Large values are by no means the only footguns in JSON. Another unfortunately-common gotcha is attempting to encode an int64 from a database (often an ID field) into a JSON number rather than a JSON string, since a JS number type can lead to silent loss of precision.
A more thoughtful serialization format like proto3 binary encoding would avoid both the memory spike issue and the silent loss of numeric precision issue, with the tradeoff that the raw encoded value is not human readable.
Isn't HTTP POST content similarly encoded? Likewise with small embedded images in CSS, though I am rusty on that topic. Likewise with binary email attachments in SMTP (though this may be uuencoded, same net effect).
The particular example of a trivial message that is mostly-binary just sounds like a useful test case, more than anything else.
Copying into a string is a safe default. Also, proto’s API currently returns string references (and not views) so making a copy is required for open source.
(Although now std::string_view is common, I hear rumors that the proto API might change…)
Maybe that's true, but safety is an additional concern. You have way more lifetime headaches if you alias the underlying data. Copying avoids all that.
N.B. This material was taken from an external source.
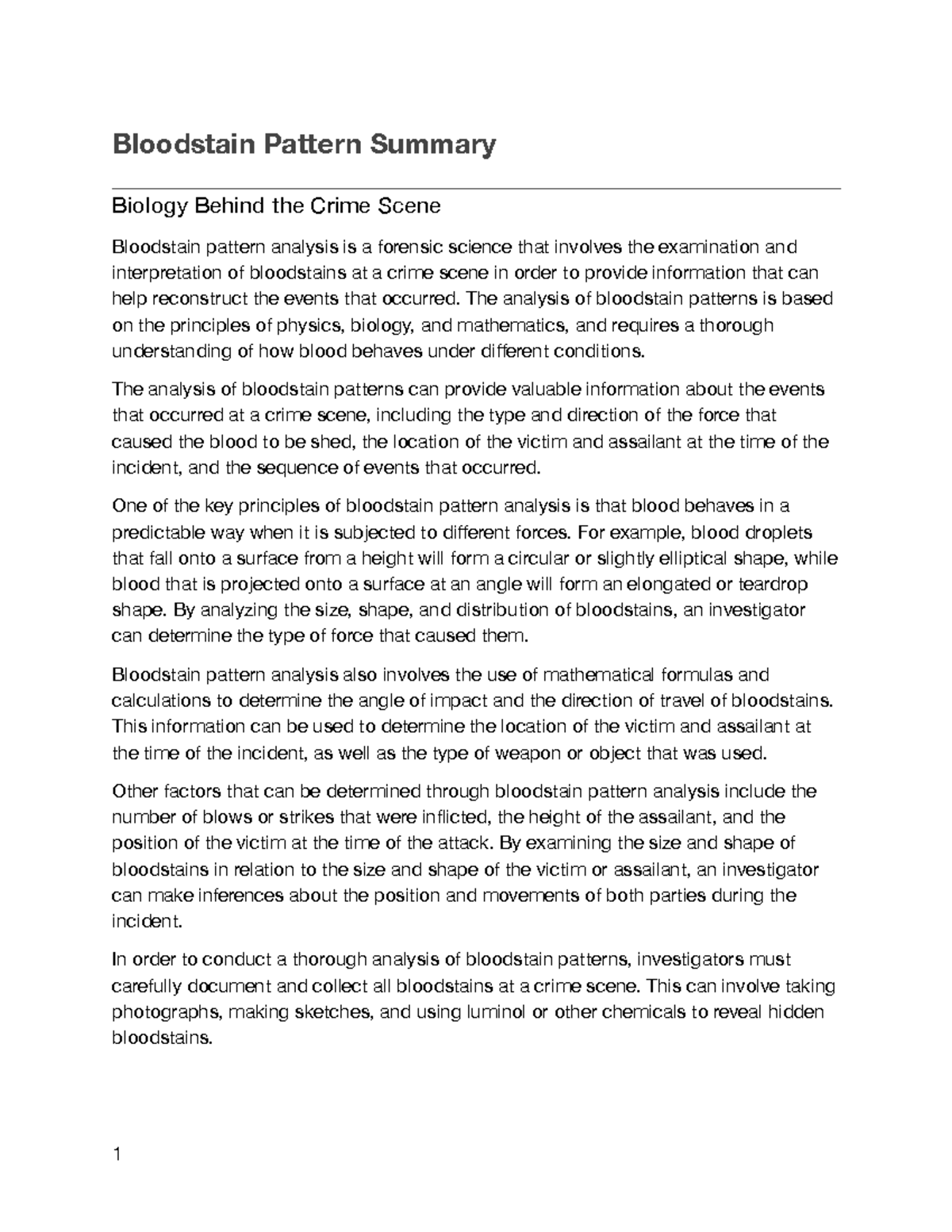 Bloodstain Pattern Summary - Bloodstain Pattern Summary Biology Behind ...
simdjson also does this sort of thing. All strings are decoded and copied to an auxiliary buffer. For strings without escape sequences in them or for end users who don't mind destroying the json document by decoding the strings in-place, these copies could be avoided. I may get around to shipping a version of simdjzon (the Zig port) that optionally avoids these copies (this sort of has to be optional because the current API lets you throw away your input buffer after parsing, and this option would mean you cannot do that), but porting this stuff back to C++ and getting it upstreamed sounds more difficult.
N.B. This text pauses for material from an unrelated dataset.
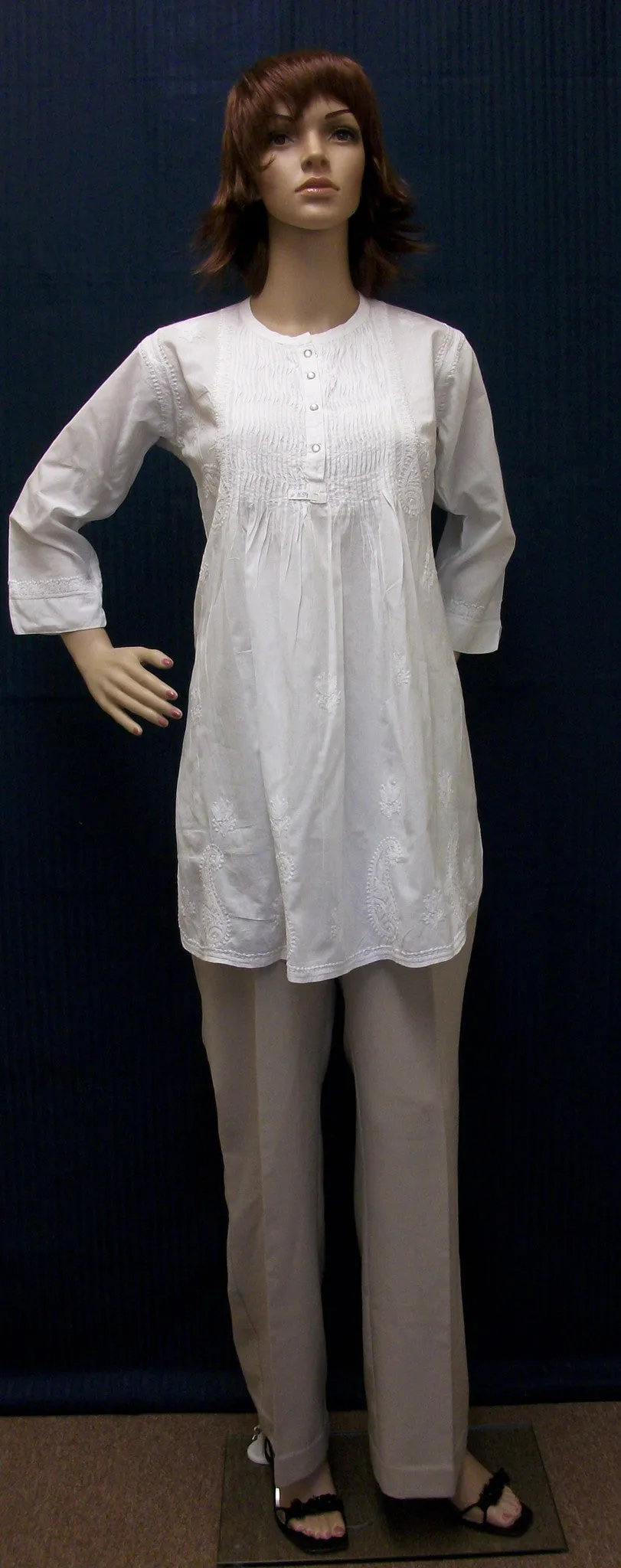 Blouse 1666 White Cotton Tunic Top Blouse Shirt Career Wear Shieno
If you only want faster than JSON then a 'binary json's like MessagePack or JSONB (is that the PostgreSQL one?) avoids dealing with schema. If you want schema it's not like JSON.
MsgPack is great. However I’ve been curious about Amazon’s Ion. Mainly since the namespace stuff allow you to define tags upfront into ints. MagPack transfers field names as strings still unless you crest your own string to int conversion.
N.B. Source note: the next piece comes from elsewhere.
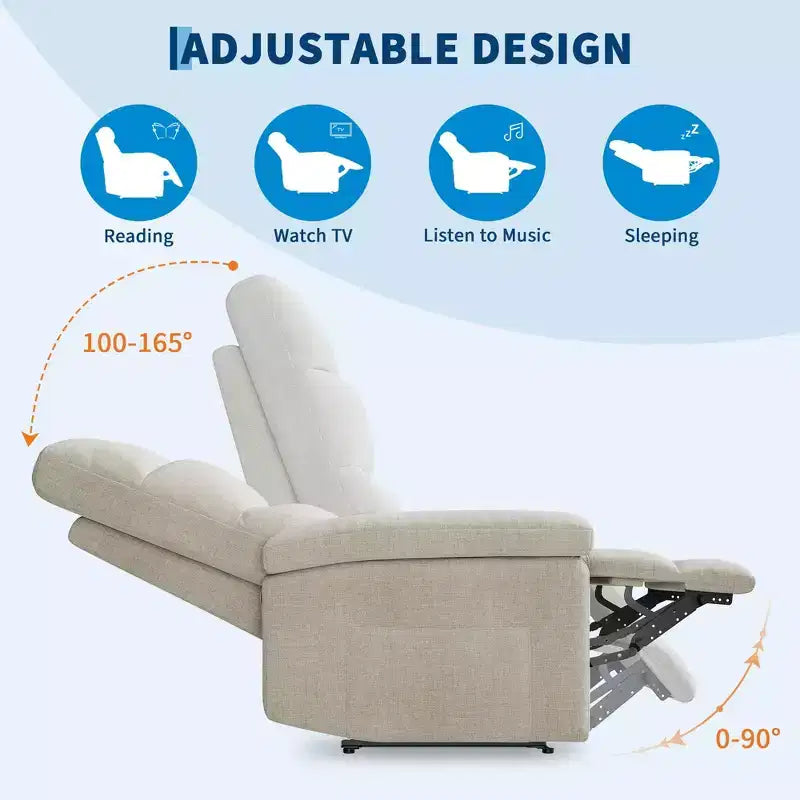 GustoWave Fauteuil inclinable manuel en tissu avec poche latérale, canapé simple réglable avec support dorsal ergonomique pour chambre d'enfant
If your main concern is "faster than JSON" then you're better off using Protocol Buffers simply because they're way more popular and better supported. FlatBuffers are cool because they let you decode on demand. Say you have an array of 10,000 complex objects. With JSON or Protocol Buffers you're going to need to decode and load into memory all 10,000 before you're able to access the one you want. But with FlatBuffers you can decode item X without touching 99% of the rest of the data. Quicker and much more memory efficient.
But it's not simple to implement. You have to write a schema then turn that schema into source files in your target language. There's an impressive array of target languages but it's a custom executable and that adds complexity to any build. Then the generated API is difficult to use (in JS at least) because of course an array isn't a JavaScript array, it's an object with decoder helpers.
It's also quite easy to trip yourself up in terms of performance by decoding the same data over and over again rather than re-using the first decode like you would with JSON or PB. So you have to think about which decoded items to store in memory, where, for how long, etc... I kind of think of it as the data equivalent of a programming language with manual memory management. Definitely has a place. But the majority of projects are going to be fine with automatic memory management.